What the task requires - Give back the whole listing word for word and skip each picture.

Data extract -
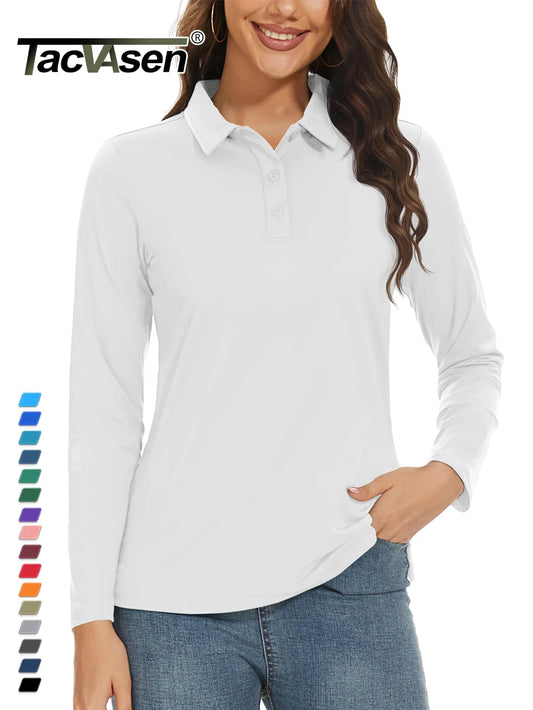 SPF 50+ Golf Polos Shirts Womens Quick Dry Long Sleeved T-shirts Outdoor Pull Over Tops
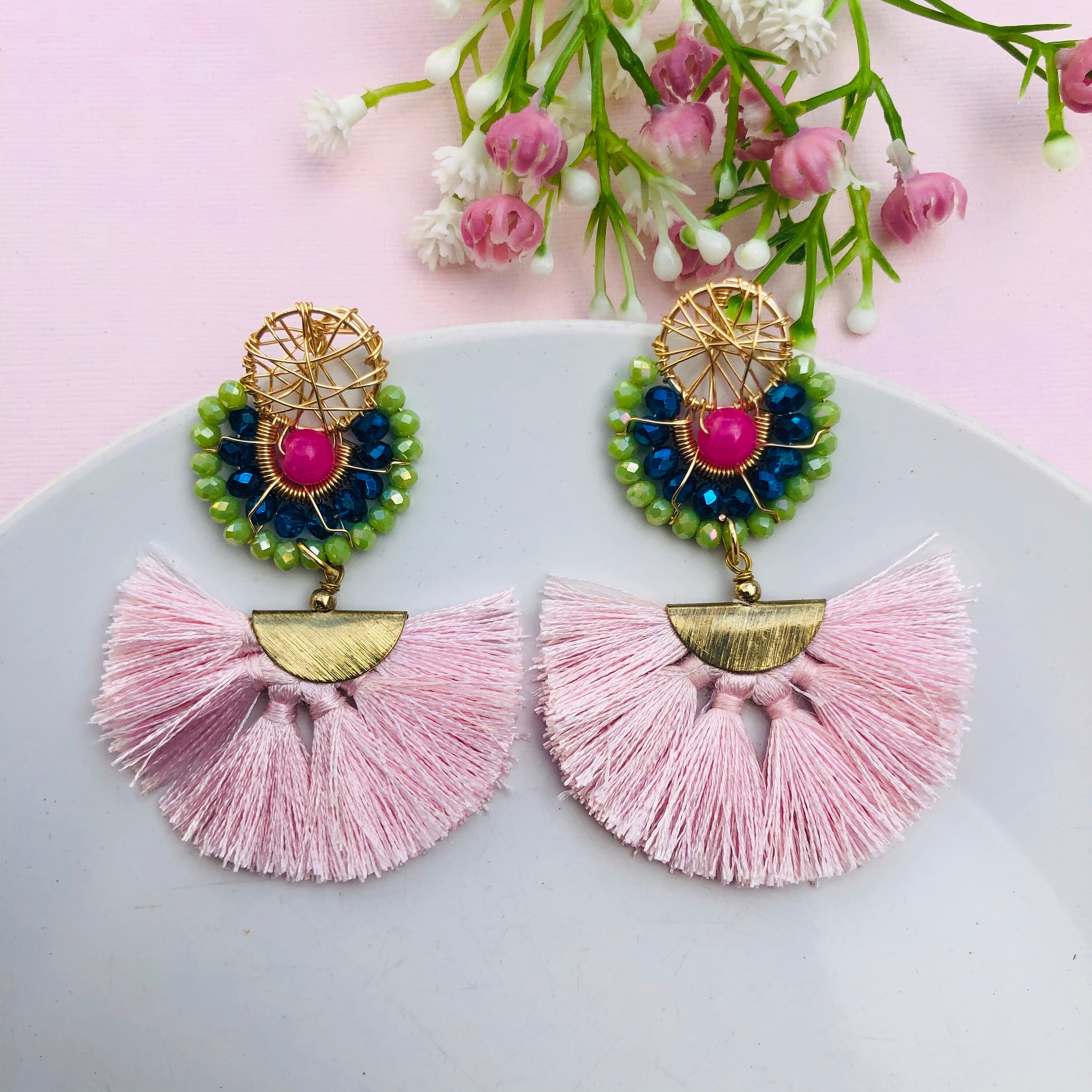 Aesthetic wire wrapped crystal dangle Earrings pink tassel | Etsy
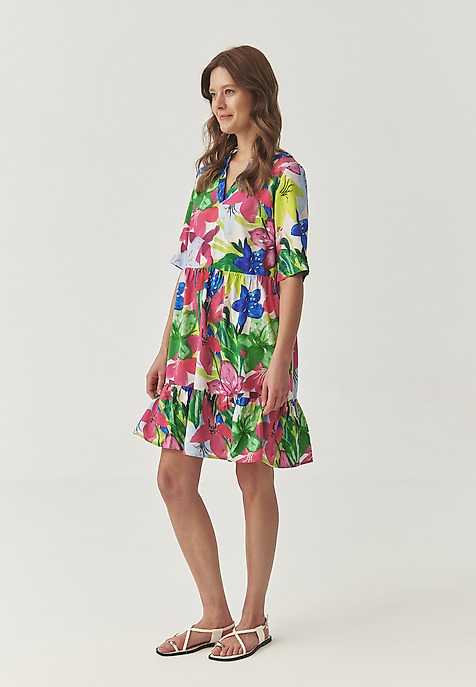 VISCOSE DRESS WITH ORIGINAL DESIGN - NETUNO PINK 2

Answer for this exercise -
 SPF 50+ Golf Polos Shirts Womens Quick Dry Long Sleeved T-shirts Outdoor Pull Over Tops
 Aesthetic wire wrapped crystal dangle Earrings pink tassel | Etsy
 VISCOSE DRESS WITH ORIGINAL DESIGN - NETUNO PINK 2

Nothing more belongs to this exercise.